Pas d’entraves aux passages d’animaux
L’objectif est de désenclaver Musoma à l’ouest du pays, une ville en forte croissance économique et dont tout le trafic passe déjà à l’intérieur du parc, ainsi que dans le Ngorongoro, par les 450km de routes existantes.
« Cela cause de gros dégâts sur les pistes, leur entretien coûte très cher au parc et l’idée est de limiter ces dégâts à 50 km, à défaut de limiter le trafic automobile en accroissement constant. »
Côté animaux, pour Denis Lebouteux, les gnous traversent déjà la route existante près de cinquante fois par an. Ils sont souvent tués par les camions, d’autant qu’une partie de la piste passe par leurs lieux de reproduction.
Ils n’auront à franchir la nouvelle route que deux fois, lors de leur aller-retour annuel vers le Kenya. « La traversée des rivières où beaucoup se noient est infiniment plus dangereuse pour eux qu’une simple piste.»
Des avantages pour les opérateurs touristiques
Le projet alternatif ne lui paraît pas plus satisfaisant : « Le paradoxe de la route du sud est qu’elle passera en lisière extérieure du parc et sera donc ouverte la nuit.
Il y aura de véritables massacres par les camions, le parc n’étant évidemment pas clôturé. »
« Cette route m’intéresse personnellement en tant qu’opérateur dans le pays depuis des années.
Elle va nous offrir des solutions plus confortables et des sorties du parc plus intelligentes, sans ces allers-retours contraignants que les touristes apprécient de moins en moins.
Elle va aussi désenclaver des merveilles difficiles d’accès comme le lac Natron.
Disons que cela va agrandir le terrain de jeux » conclut Denis Lebouteux, qui se demande pourquoi la Tanzanie est toujours montrée du doigt, sans forcément de raisons valables ni vérifiées.
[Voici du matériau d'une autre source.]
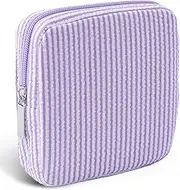 Teircno Sanitary Napkin Storage Bag, Stripe Period Bag for Women, Cute Portable Period Pouch with Zipper, Sanitary Pads Bag Tampons Holder for Purse, First Period for Mom Girlfriend (Purple)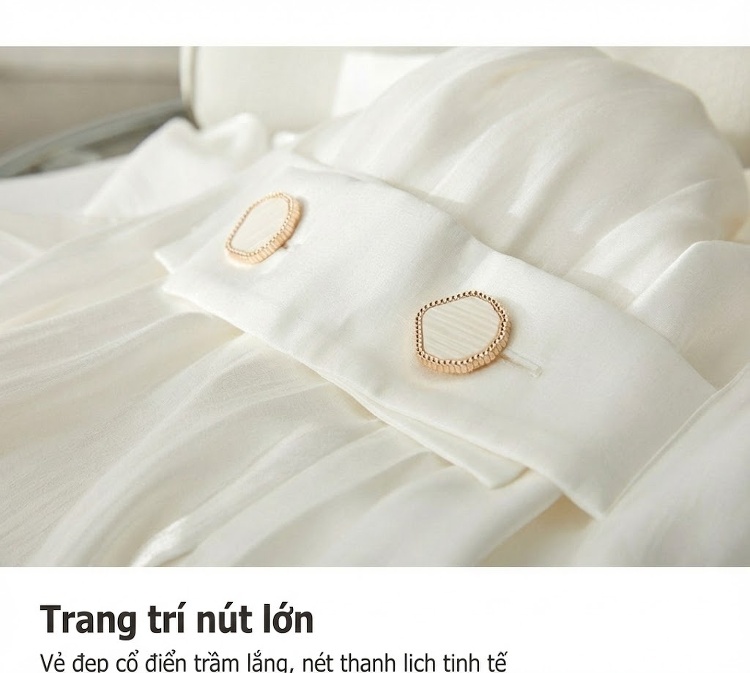 Váy liền thân Nữ Cổ Tròn Không Tay dáng chữ A Chiết Eo Khuy Lớn Màu Trắng Kem chi tiết 5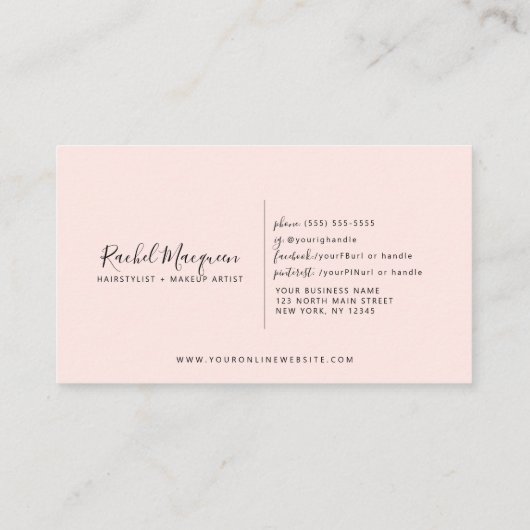 Carte De Fidélité Élégant minimal blanc rose (Dos)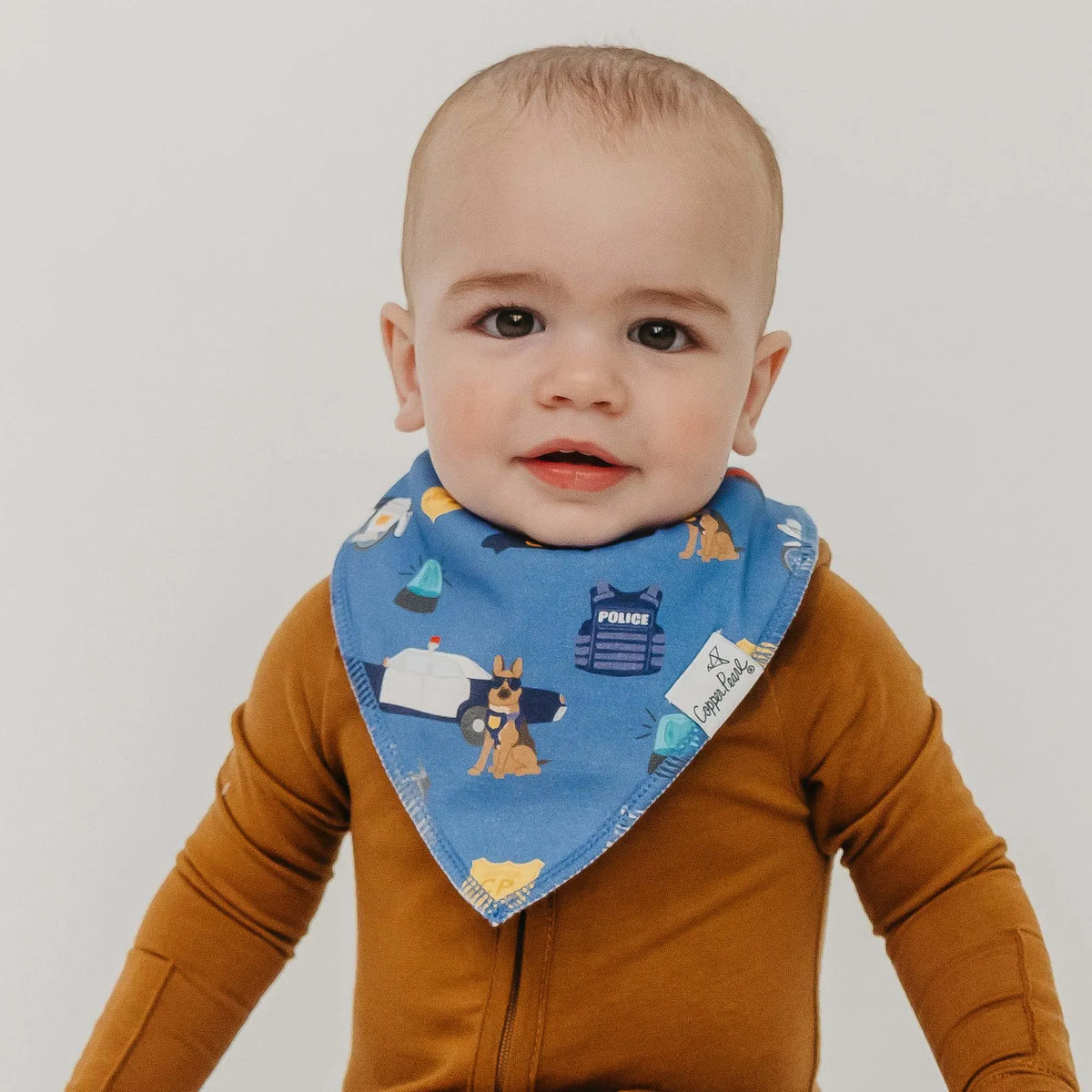 4 Pack Baby Bandana Bibs - Policemen Copper Pearl Lil Tulips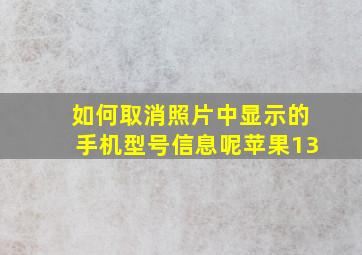 如何取消照片中显示的手机型号信息呢苹果13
Voilà pourquoi nous ne cessons de souligner la différence entre libération animale et protection animale. Cette dernière pourrait se satisfaire de tels propos : si la route n’est qu’une piste, qu’elle est fermée la nuit, etc. alors « c’est acceptable », « il faut bien faire avec », etc.
Pour nous, il en est hors de question. Le parc doit être un sanctuaire et les voitures n’ont rien à y faire ! Céder un peu c’est totalement capituler et provoquer la destruction totale. C’est d’ailleurs le point de vue des experts de la migration du parc du Serengeti… et on notera d’ailleurs que les scientifiques eux-mêmes parlent de « route » (et non d’autoroute) et il est totalement ridicule de s’appuyer sur la seule question du mot « autoroute »; c’est déplacer et fausser le débat.
Mais quand on voit que pour le tour opérateur, ce qui compte c’est… l’accès au lac Natron, où vivent presque trois millions de flamants nains, car ce lac aurait le malheur… d’être à l’abri des humains, on voit le niveau ! Même Walt Disney, qui a produit Les Ailes pourpres : le mystère des flamants justement tourné là-bas, apparaît comme d’une radicalité écologiste sans pareille en comparaison !
Nous reparlerons du parc du Serengeti, et il y a déjà une bonne nouvelle : il y a quelques jours, l’UNESCO s’est prononcé contre la « Serengeti highway. » Toutefois, il est évident qu’il faut soutenir la campagne pour sauver le parc du Serengeti!